Sure, it’s made from grapes. But does that make wine eco-friendly?



Benzigerwine Not unless those grapes are grown organically; and if they're grown locally, even better (Ideal Bite claims that "a local wine always trumps an organic one if it's shipped from far away." In fact, they report that the average wine shipment adds over 3 million pounds of CO2 emissions into the air – that's like 994 round-trip flights from France to Napa!)  

Here's specifically what to look for when shopping for organic or eco-friendly wine:

"USDA-certified organic" means that the wine was produced without herbicides and pesticides and with no added sulfites, preservatives that help wine maintain its color and taste but that can cause serious allergic reactions and headaches in susceptible people. (Sulfites occur naturally, so no wine is sulfite free.)

"Made from organically grown grapes" means grapes were grown without pesticides or chemicals; some sulfites may have been added as a preservative.
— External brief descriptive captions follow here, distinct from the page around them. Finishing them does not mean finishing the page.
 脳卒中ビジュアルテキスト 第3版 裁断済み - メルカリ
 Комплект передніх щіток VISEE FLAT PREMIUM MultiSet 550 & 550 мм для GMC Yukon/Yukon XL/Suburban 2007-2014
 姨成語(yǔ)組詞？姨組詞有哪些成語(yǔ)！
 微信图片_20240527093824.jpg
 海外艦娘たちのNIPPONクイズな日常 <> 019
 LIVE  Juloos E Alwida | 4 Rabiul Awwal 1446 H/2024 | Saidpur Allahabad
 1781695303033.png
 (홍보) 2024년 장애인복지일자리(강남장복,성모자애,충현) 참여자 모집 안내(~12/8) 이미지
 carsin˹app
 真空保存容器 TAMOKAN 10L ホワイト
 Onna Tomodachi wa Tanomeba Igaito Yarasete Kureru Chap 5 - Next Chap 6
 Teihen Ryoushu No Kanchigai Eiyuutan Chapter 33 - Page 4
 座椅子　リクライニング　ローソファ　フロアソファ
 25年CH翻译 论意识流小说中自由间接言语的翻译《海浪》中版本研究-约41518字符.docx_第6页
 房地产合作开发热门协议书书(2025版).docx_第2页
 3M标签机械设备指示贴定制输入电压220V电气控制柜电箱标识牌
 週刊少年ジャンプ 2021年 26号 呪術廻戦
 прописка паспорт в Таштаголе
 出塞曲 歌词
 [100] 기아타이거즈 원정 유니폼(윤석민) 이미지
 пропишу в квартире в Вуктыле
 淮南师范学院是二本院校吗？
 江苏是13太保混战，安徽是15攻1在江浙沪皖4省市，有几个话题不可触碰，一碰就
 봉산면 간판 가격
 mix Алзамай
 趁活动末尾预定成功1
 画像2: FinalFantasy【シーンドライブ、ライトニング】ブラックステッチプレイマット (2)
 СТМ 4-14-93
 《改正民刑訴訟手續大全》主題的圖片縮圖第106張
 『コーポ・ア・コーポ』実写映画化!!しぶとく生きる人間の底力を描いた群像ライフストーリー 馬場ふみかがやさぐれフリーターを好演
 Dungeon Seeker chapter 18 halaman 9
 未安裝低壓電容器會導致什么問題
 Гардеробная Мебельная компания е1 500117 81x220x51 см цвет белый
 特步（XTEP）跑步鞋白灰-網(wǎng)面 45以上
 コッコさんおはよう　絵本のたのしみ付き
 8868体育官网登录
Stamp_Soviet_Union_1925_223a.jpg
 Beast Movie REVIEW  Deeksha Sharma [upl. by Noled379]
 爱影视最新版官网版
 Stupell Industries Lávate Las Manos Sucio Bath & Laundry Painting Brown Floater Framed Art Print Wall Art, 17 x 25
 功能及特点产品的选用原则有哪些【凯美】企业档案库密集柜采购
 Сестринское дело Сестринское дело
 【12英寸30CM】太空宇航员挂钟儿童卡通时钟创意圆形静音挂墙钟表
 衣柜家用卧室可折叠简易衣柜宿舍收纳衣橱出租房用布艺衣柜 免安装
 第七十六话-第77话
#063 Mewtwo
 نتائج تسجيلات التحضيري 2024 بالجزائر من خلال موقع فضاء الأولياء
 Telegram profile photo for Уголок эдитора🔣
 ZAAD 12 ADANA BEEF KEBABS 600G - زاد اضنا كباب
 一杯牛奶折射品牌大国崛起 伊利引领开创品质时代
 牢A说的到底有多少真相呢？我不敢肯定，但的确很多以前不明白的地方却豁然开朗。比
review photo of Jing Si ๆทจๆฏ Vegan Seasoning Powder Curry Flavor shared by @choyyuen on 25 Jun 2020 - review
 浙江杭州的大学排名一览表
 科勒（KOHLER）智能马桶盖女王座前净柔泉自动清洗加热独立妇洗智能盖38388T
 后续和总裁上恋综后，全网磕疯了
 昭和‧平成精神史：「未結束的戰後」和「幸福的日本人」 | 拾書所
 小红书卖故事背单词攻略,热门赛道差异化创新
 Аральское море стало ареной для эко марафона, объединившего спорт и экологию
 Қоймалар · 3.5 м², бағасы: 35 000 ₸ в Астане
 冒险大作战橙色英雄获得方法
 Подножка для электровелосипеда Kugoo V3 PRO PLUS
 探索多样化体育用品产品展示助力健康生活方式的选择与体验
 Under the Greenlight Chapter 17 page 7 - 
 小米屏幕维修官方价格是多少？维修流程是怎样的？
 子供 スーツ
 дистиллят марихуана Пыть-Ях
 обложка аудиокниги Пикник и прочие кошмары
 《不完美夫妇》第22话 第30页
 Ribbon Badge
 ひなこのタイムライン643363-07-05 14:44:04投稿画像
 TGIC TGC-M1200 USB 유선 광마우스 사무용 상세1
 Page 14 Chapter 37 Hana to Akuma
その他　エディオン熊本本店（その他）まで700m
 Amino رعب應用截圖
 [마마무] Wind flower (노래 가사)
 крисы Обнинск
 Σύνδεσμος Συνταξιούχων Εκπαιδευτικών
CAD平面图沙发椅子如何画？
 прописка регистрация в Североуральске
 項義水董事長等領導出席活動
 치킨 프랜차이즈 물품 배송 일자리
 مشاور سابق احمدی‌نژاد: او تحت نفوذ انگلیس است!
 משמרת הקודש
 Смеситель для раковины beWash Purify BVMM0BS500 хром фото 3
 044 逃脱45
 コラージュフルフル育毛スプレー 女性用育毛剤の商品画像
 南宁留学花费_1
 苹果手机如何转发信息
If you're allergic, read the label carefully.

"Sustainable" may indicate the vineyard practices pesticide-free viticulture, using sheep to suppress weeds and owls to kill rodents. However, "sustainable" is not as meaningful as "organic" unless it is backed up by independent third-party certification.

"Biodynamic" practices rely on viticulture techniques that build healthy soil and keep the vineyard in tune with the cycles of the sun, moon, and planets. When certified by the Demeter Association, it's safe to assume the vineyard met standards for biodynamic production.

Whether you're having a party or just want to enjoy wine with dinner, these organic brands are worth a taste:

Benziger (biodynamic-California; shown in picture above)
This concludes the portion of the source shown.